Cônsul israelense nos EUA manda relatório ao seu governo com restrições à obra de Spielberg sobre o massacre na Olimpíada de 72

Filme trata caso com "leviandade", diz Israel

DAVID M. HALBFINGER
DO "NEW YORK TIMES"

Funcionários do governo israelense se prepararam para o pior quando foram informados de que o cineasta Steven Spielberg tomaria a violência no Oriente Médio por tema em "Munique", seu filme sobre o massacre nos Jogos Olímpicos de 1972 e os assassinatos de terroristas palestinos ordenados como retaliação.
Mas a primeira resposta oficial de Israel ao filme, que deve estrear em 23 de dezembro nos Estados Unidos (no Brasil, em 27 de janeiro), foi contida: a história não é favorável aos israelenses, mas isso não importa muito.
"Trata-se de um filme de Hollywood", disse Ehud Danoch, o cônsul-geral israelense em Los Angeles, que compareceu a uma sessão especial de "Munique".
Ainda assim, em um sinal de até que ponto o filme estava sendo tratado com seriedade, Danoch disse que enviou um relatório aos seus superiores em Jerusalém logo que a sessão acabou.
Danoch afirma que há muita coisa que ele considera passível de objeção no filme de duas horas e meia, estrelado por Eric Bana como líder de uma equipe especial de agentes do serviço secreto israelense, o Mossad, encarregada pela primeira-ministra Golda Meir de rastrear e matar os palestinos responsáveis pelo massacre, no qual 11 atletas israelenses foram mortos.
A ordem da primeira-ministra se estendia também a terroristas que não estavam conectados ao ataque. O cônsul disse que o filme fazia parecer que a resposta de Israel isoladamente é que havia causado uma escalada no terrorismo, algo que ele classifica como pura ficção.
Danoch argumenta, acima de tudo, que o filme propõe uma equivalência moral injusta entre os assassinos israelenses e seus alvos -tanto explicitamente, nos diálogos em que os israelenses questionam suas ações e os palestinos defendem as deles, quanto de forma implícita, como quando a câmera se move de um jornal televisivo que mostra os nomes dos 11 atletas israelenses mortos para um funcionário do governo de Israel exibindo fotografias dos 11 alvos palestinos.

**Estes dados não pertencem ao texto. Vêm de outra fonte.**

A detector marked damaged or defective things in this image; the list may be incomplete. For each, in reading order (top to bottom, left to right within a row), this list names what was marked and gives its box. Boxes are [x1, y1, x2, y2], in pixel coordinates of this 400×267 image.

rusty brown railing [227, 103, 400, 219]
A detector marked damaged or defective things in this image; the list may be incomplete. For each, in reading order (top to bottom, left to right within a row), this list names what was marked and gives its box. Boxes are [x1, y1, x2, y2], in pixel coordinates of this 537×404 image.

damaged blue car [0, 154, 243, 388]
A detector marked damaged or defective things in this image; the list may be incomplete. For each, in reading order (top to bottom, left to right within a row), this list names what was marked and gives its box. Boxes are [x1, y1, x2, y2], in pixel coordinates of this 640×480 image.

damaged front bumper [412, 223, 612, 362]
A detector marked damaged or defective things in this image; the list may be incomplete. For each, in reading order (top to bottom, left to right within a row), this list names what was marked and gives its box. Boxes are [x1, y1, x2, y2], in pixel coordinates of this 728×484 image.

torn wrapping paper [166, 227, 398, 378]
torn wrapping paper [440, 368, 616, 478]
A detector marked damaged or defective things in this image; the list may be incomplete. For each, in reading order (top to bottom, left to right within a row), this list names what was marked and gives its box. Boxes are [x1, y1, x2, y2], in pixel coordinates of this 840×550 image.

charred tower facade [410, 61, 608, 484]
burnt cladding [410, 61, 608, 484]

"E assim são 11 por 11", declarou Danoch em entrevista no consulado. "É igual, é equilibrado, é isso por aquilo. Mas de um lado temos atletas olímpicos que foram assassinados da maneira mais horrorosa e repulsiva, e do outro lado temos os homens que praticaram o crime."

Leviandade
Danoch enfatizou que Israel jamais admitiu publicamente os assassinatos. Porta-vozes da Universal Pictures se recusaram a responder aos comentários de Danoch, dizendo que o filme fala por si. Em particular, eles expressaram profundo ceticismo quanto às opiniões de alguém que um executivo do estúdio classificou como "diplomata de médio escalão". As exibições que começaram nesta semana em Washington e Israel não atraíram comentários oficiais palestinos.
Danoch, o emissário de Israel a Hollywood, deixou claro que não estava querendo comprar briga com Spielberg ou tentando causar controvérsia, e assim atrair ainda mais interesse, para um filme definido como "obra-prima" em reportagem de capa da revista "Time".

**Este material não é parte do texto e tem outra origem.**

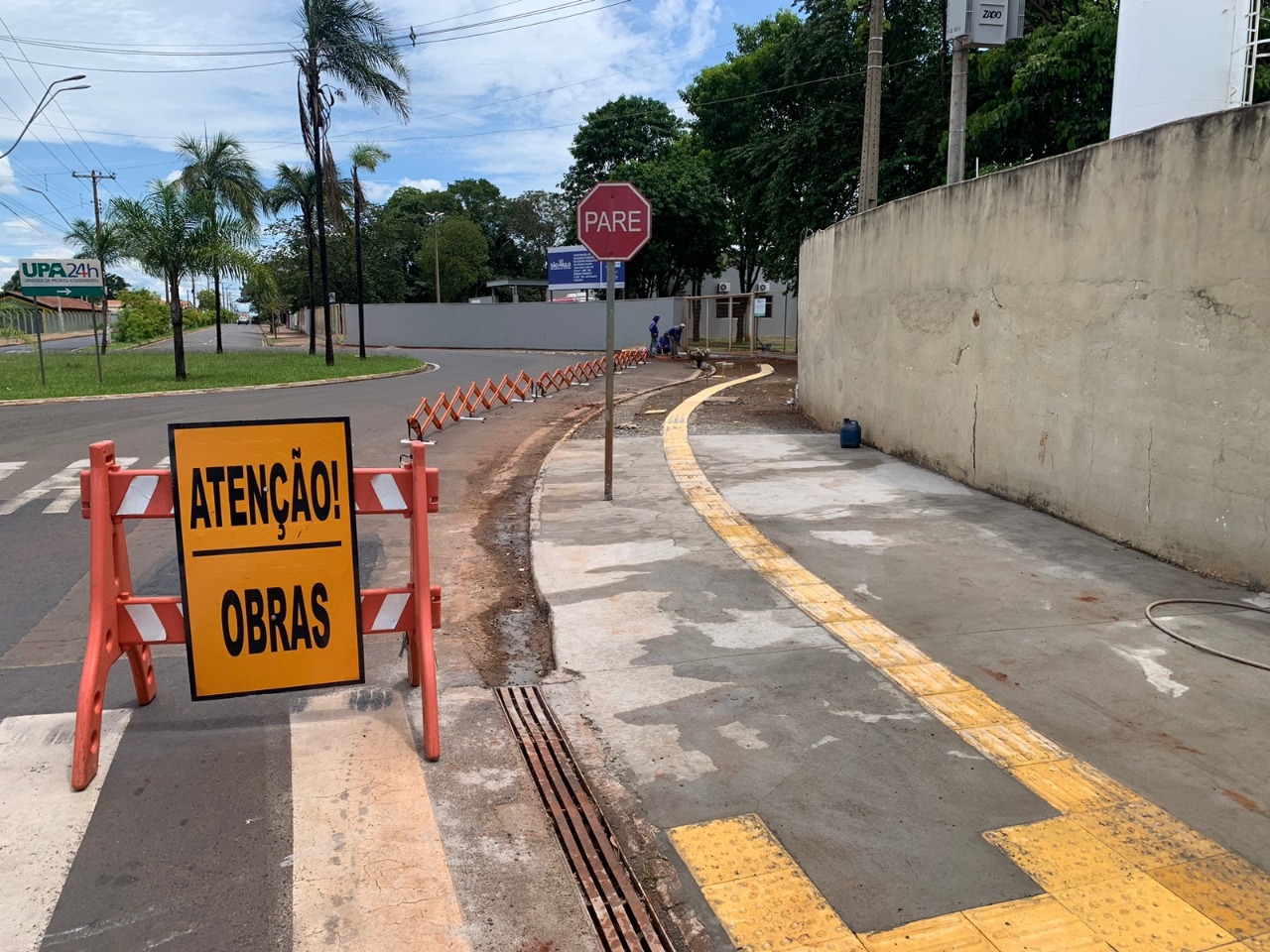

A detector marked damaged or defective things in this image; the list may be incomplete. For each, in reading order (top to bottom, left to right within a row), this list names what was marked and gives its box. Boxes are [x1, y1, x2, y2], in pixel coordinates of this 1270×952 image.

cracked concrete wall [797, 100, 1264, 586]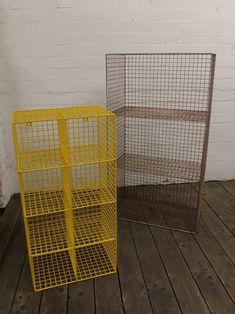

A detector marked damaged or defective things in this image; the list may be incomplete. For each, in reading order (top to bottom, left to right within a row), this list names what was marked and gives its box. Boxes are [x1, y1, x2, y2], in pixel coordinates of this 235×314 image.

rusty metal wire shelving unit [107, 52, 216, 232]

Ele elogiou o filme, por exemplo, pelo retrato que faz quanto ao horror do massacre, ainda que tenha dito que gostaria de que "Munique" mostrasse melhor a maneira pela qual os atletas assassinados se tornaram quase sagrados para os israelenses.

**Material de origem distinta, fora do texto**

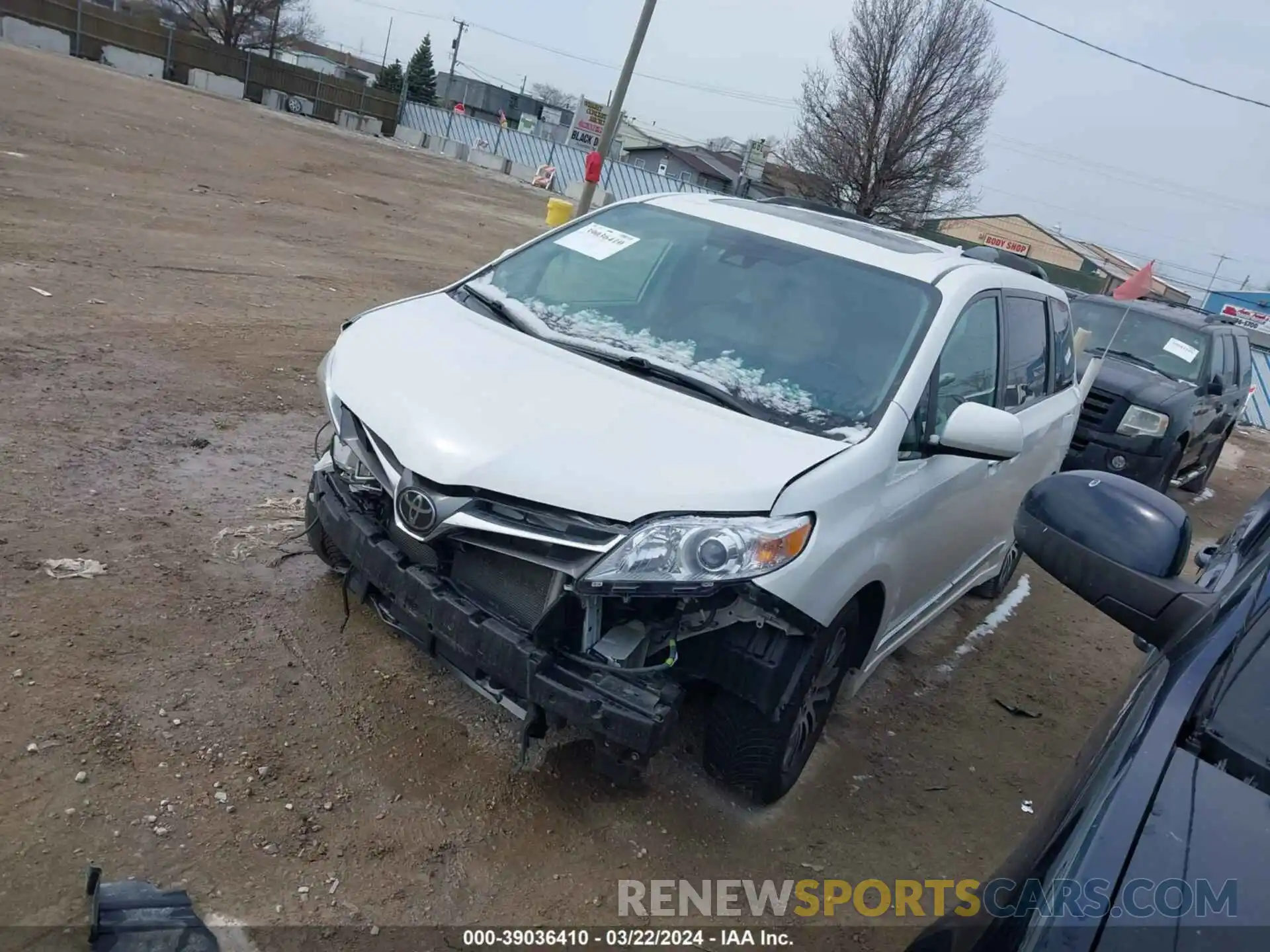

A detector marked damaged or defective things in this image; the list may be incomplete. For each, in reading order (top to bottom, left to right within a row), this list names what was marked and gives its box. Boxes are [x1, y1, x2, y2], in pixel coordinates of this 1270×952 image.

cracked windshield [471, 204, 937, 439]
crumpled front bumper [311, 471, 677, 756]
broken headlight assembly [577, 516, 810, 592]
damaged white minivan [310, 193, 1080, 804]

Danoch disse também que Spielberg estava longe de ser a única pessoa a reduzir o conflito a um embate sangrento, mas equilibrado. No entanto, "no filme em si", disse, "Israel uma vez mais é retratado como se estivesse no mesmo patamar dos palestinos".
"Não existe equivalência moral", acrescentou. "A tentativa de obter um equilíbrio entre vítimas do terror e seus algozes, a tentativa de balancear entre um governo cuja missão é defender seu povo e uma organização terrorista que o mundo todo identifica como organização terrorista, equivale a tratar a questão com leviandade."
Alegando que o filme não tinha pretensões de precisão em termos históricos, Danoch não quis dedicar muito tempo à contestação de sua perspectiva. Apontou que o roteiro, de Tony Kushner e Eric Roth, se baseava em um livro, "Vengeance" (vingança), de George Jonas, que toma por fonte o relato, posteriormente desacreditado, de um suposto membro da equipe de ataque do Mossad, Juval Aviv.
Danoch também reprovou a descrição de "Munique", por Spielberg, em entrevista à "Time" como sua "oração pela paz".
Ele disse que a mensagem de Steven Spielberg -a de que a paz viria pela negociação e não pela violência- não era exatamente uma revelação. "Desde sempre, Israel está tentando retornar à mesa de negociações", afirmou. "A maneira de fazê-lo, de acordo com nosso plano de paz, é pôr fim ao terrorismo."
Por fim, Danoch sugeriu que tentar superar as divisões entre Israel e Palestina em um filme era diferente para o cineasta daquilo que aconteceu, digamos, quando ele buscou revelar o horror do Holocausto no filme "A Lista de Schindler" (1993).
"A tentativa de sumarizar o conflito por meio de algumas poucas sentenças em um monólogo grandioso equivale a tratar com leviandade um conflito que custou tantas vidas e já dura tantos anos", afirmou Danoch. "É uma presunção, mesmo que se trate de Spielberg."